(Brief descriptive captions)
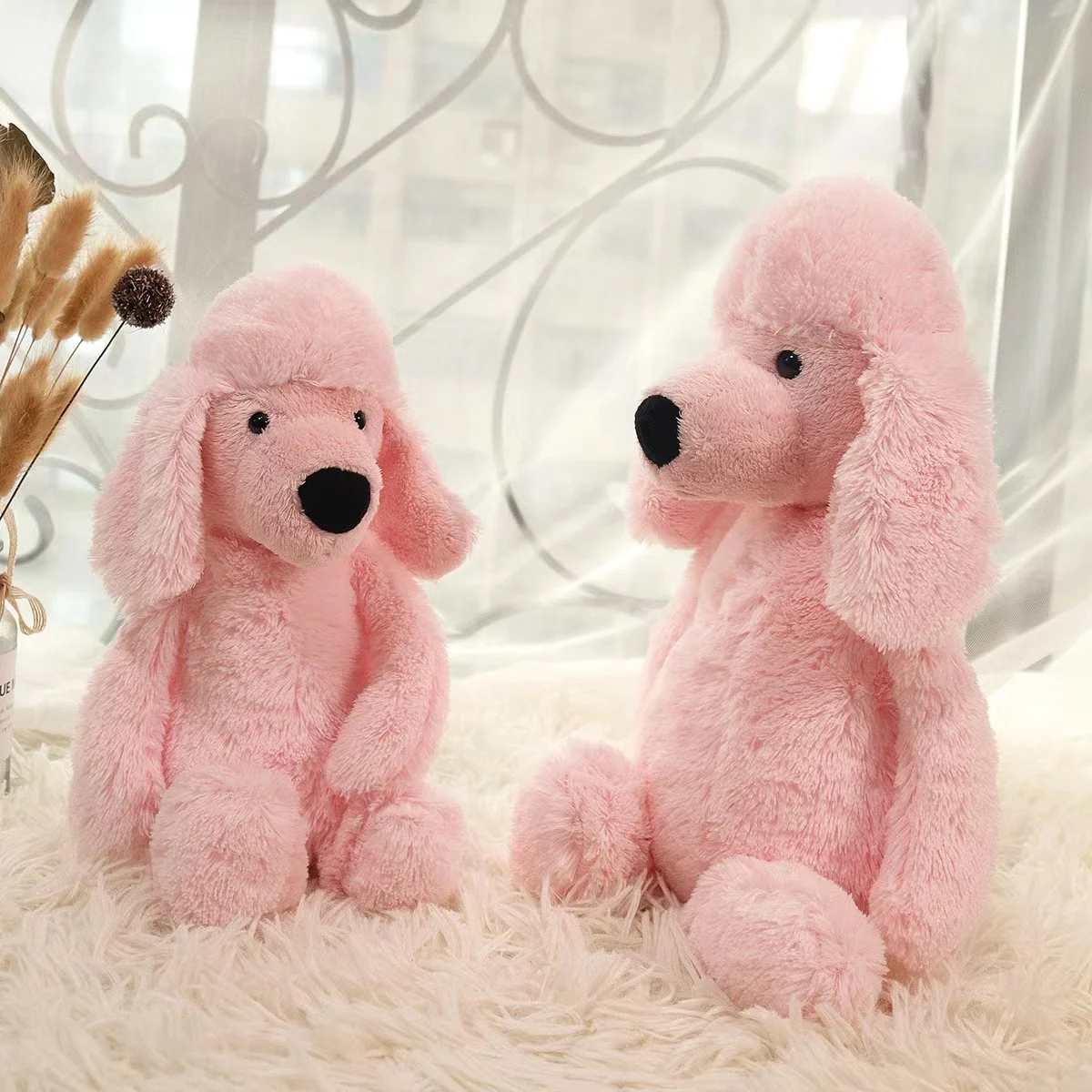 Factory cute plush pink poodle dog stuffed animal soft toy Alibaba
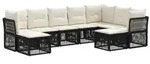 vidaXL Gartensofa-set 9 pcs Schwarz Poly-Rattan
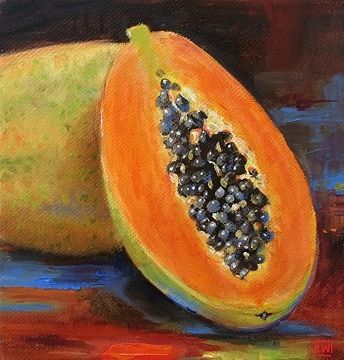 Papaya Painting, Painted Fruits Acrylic, Papaya Painting Acrylic, Papaya Watercolor Paintings, Papaya Images, Papaya Oil Painting, Papaya Oil, Papaya Art, Oil Painting Gallery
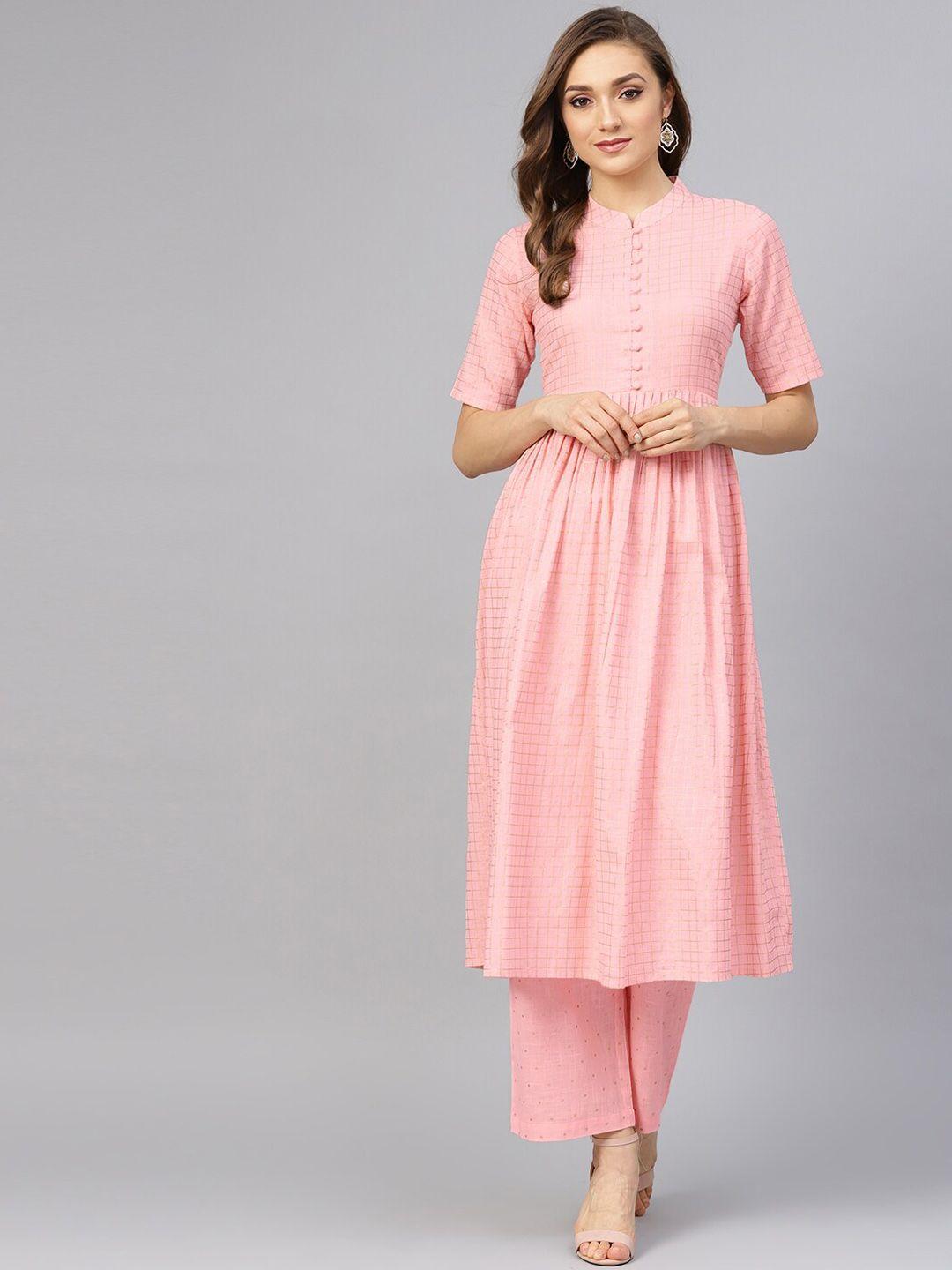 idalia checked mandarin collar anarkali kurta with palazzos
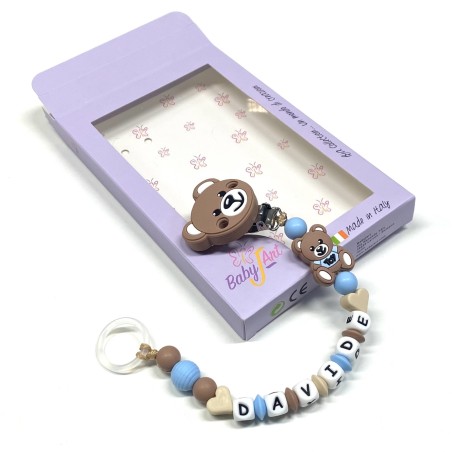 Babyjart Cadena PRESTIGE MOSCHINO de silicona para chupete con nombre, gancho / adaptador para chupete mam y modelo de chicco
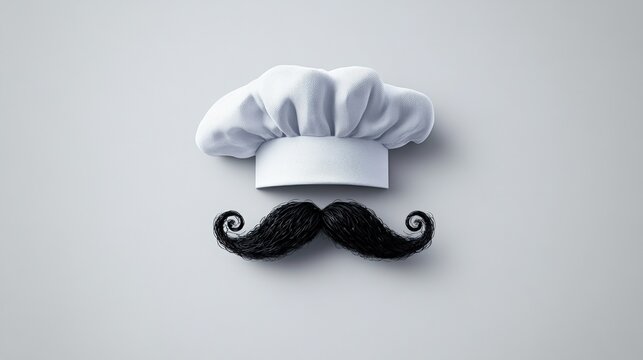 Classic chef hat and stylish mustache representing culinary expertise and fun for chefs and cooking enthusiasts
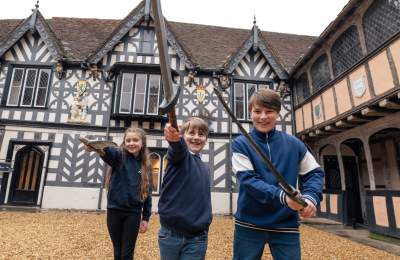Three children having fun at The Lord Leycester in Warwick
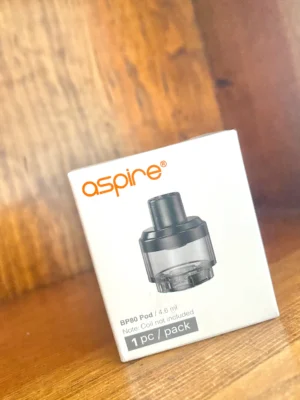Aspire-BP-80-replacement-empty-pod Aspire BP80 replacement empty pod 4.6ml in white box on wood background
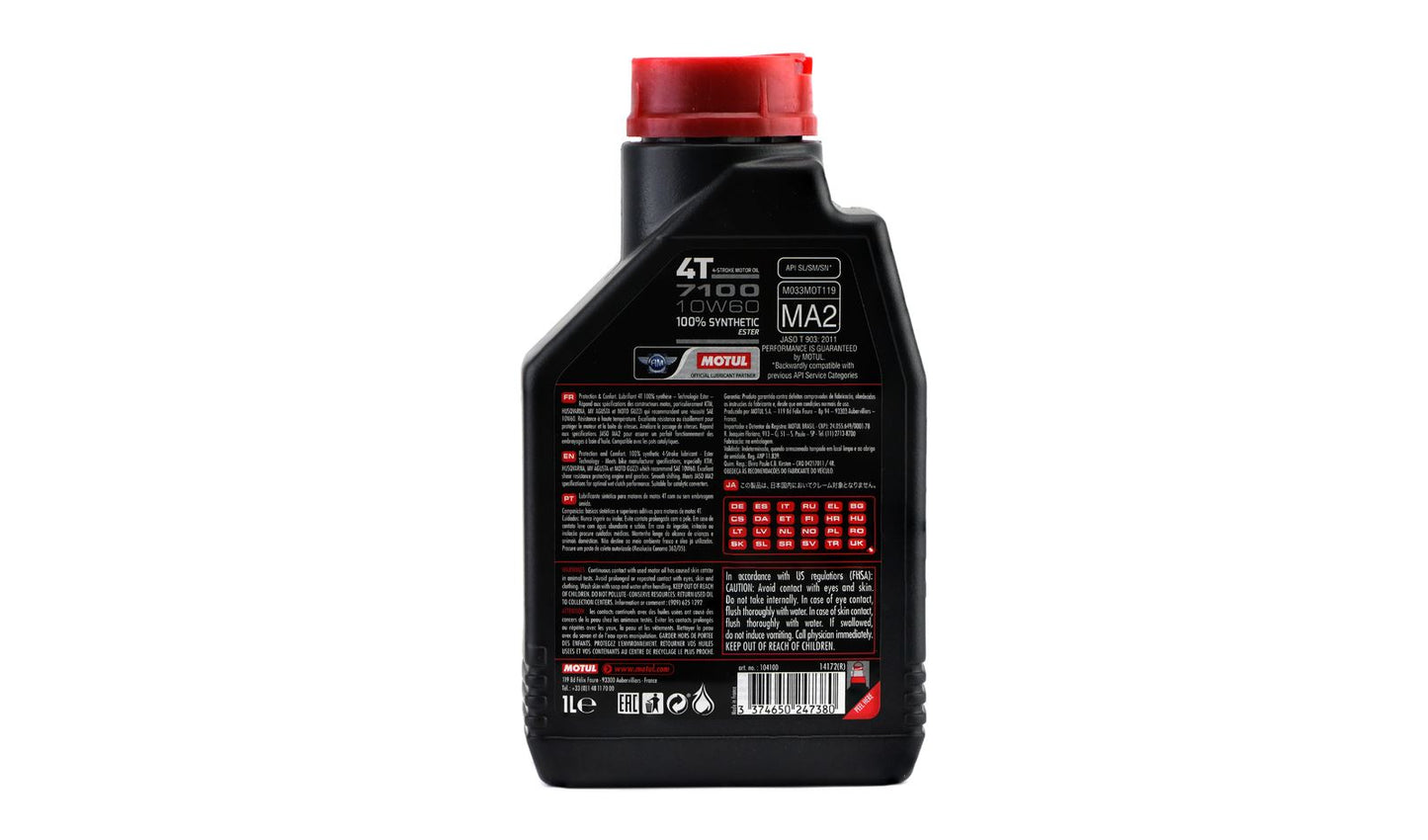 Motul 7100 10w60 4T 100% Synthetic 1 Litre
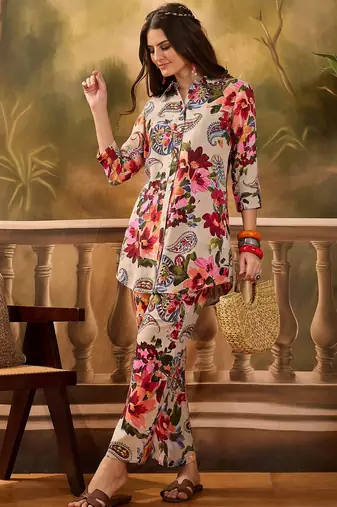 Floral printed shirt & trouser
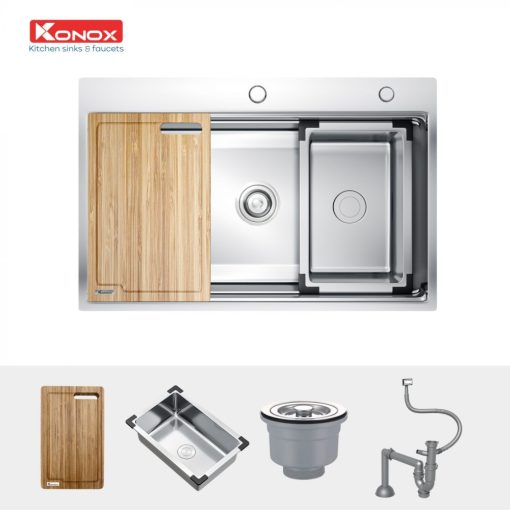 chau rua bat Workstation Sink Topmount Sink KN7650TS va phu kien 1400x1400 1 - CHẬU RỬA BÁT KONOX KN7650TS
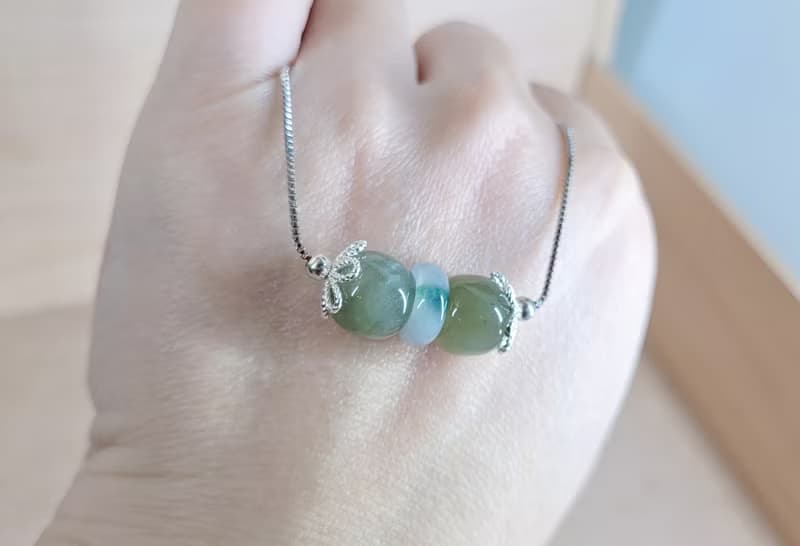 【親翠】天然翡翠fit天然和田北  純銀綠潤和田飄抹綠甜甜圈手串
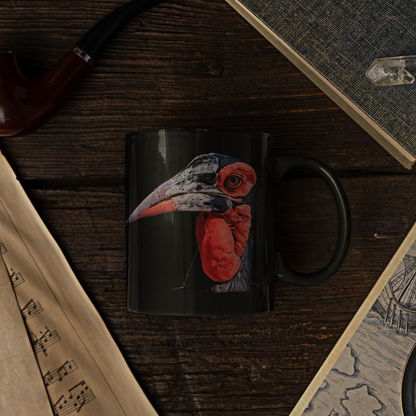 African Hornbill 15oz Large Black Ceramic Mug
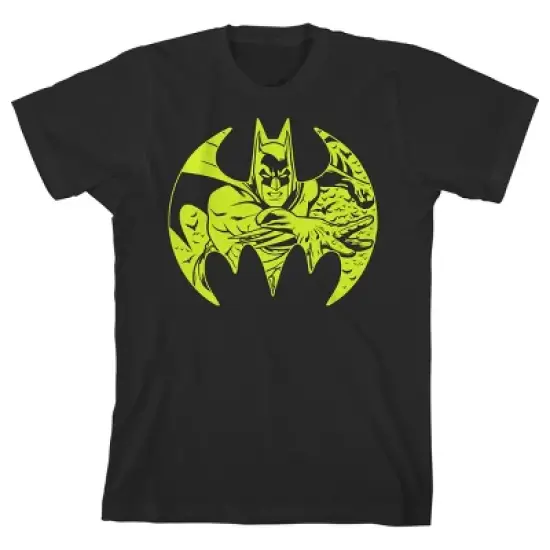 Batman Neon Yellow Logo and Character Black T-shirt Toddler Boy to Youth Boy image {6}
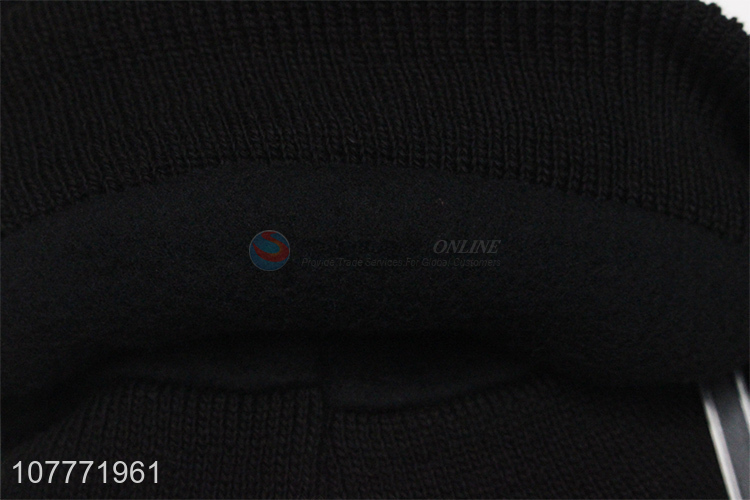 Wholesale black knitted hat Windproof knitted hat for men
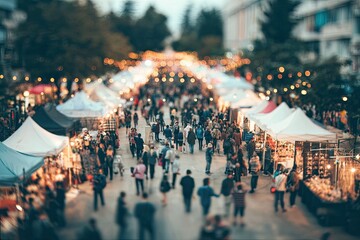 Obraz premium Busy outdoor market scene with many people and stalls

* **Exercise instructions**: Output the line that contains "Floral printed shirt & trouser" and every subsequent line through the end of the entries, exactly as given, without pictures.

* **Written reply**:
 Floral printed shirt & trouser
 chau rua bat Workstation Sink Topmount Sink KN7650TS va phu kien 1400x1400 1 - CHẬU RỬA BÁT KONOX KN7650TS
 【親翠】天然翡翠fit天然和田北  純銀綠潤和田飄抹綠甜甜圈手串
 African Hornbill 15oz Large Black Ceramic Mug
 Batman Neon Yellow Logo and Character Black T-shirt Toddler Boy to Youth Boy image {6}
 Wholesale black knitted hat Windproof knitted hat for men
 Obraz premium Busy outdoor market scene with many people and stalls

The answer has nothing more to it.